His next major contribution would be the Penrose–Hawking theorems on gravitational singularities. Most of these were published during the early 1970s. Simply put, in Einstein’s theory of relativity points arise where spacetime seems to be infinitely curved, but it was unknown whether these points were actually real. Penrose and Hawking proved that these points, or singularities, would form in the gravitational collapse of stars and would exist in black holes. There are two general forces in a star, gravity pulling in, and heat from nuclear fusion pushing out. Once the fuel is spent though and it no longer has the energy released during fusion pushing out it will begin to collapse under its own mass and shrink inward. It is a perpetuating cycle, the more it collapses the denser it becomes. The denser it becomes the more focused the gravitational force becomes pulling it inward. Eventually it hits a point where it will have zero volume but infinite density. In these singularities both time and space cease to exist in any meaningful sense- spacetime wouldn’t just fall into this hole, it’d be so tightly compressed it would disappear. Later the duo would apply the same theories to the entire universe which unequivocally predicted a singularity approximately 13.77 billion years ago, the Big Bang.[5]

Stephen’s most noted scientific achievements were still to follow though. His physical ability had greatly diminished now, and all movements were laborious and slow. It was one night when preparing for the task of getting into bed that Stephen was thinking about what the surface of a black hole must be like. Black holes are said to form when with their given mass collapses to a point where their gravitational pull is so strong that the escape velocity from the surface equals the speed of light; hence where they get their name, since not even light can escape from their grasp. His earlier work with Penrose though had begged the question what happens when a black hole pulls something in since it is seemingly destroying matter and never gaining entropy. He realized though that the surface area of the singularity must remain constant. With this flash of insight he had ruined his preparation for getting into bed, as he was now to spend a sleepless night working on the ramifications of this. It was here that Hawking Radiation was born; that black holes do emit something and are not an endless trap. In another gross over simplification, Hawking radiation is heat.

In 1979 in recognition of his achievements and brilliance he was offered the position of Lucasian Professor of Mathematics at Cambridge University, a seat once held by Sir Isaac Newton. By this point Stephen’s physical state had deteriorated to the point where he was completely confined to his electric wheelchair, he was unable to feed himself, and his ability to speak was almost completely diminished. Practically he could no longer write, but through painstaking effort he inscribed his name in the Lucasian Professor’s register, although this was to be the last time he ever signed his own name.
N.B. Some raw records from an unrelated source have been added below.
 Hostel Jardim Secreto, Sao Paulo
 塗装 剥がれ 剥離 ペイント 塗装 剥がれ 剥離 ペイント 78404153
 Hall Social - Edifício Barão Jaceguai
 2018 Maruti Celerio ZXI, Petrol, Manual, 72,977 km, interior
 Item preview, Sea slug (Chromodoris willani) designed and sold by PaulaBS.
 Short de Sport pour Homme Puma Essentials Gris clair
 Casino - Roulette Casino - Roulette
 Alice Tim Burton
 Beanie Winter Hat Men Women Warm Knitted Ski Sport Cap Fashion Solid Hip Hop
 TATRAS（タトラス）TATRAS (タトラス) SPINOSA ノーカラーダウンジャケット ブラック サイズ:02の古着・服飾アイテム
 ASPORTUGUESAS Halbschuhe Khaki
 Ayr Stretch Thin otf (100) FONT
Even so he continued his work, putting great effort into improving his memory and ability to work problem in his head.

The fields of theoretical physics and cosmology are not generally accessible by the average person, the scientific writings on them being indecipherable equations and technical jargon. In a turn that surprised many, Stephen wrote a book hoping to bridge this divide and bring the stars closer to the everyday being. “A Brief History of Time” was published by Bantam Books who expected the book a limited success. With over 200 weeks spent as a London Times best seller and over 10 million copies sold it was more successful than anyone could have predicted.[6] The book helps dispel scientific dogma on such things as the beginning of the universe, black holes, and even unified wave theory.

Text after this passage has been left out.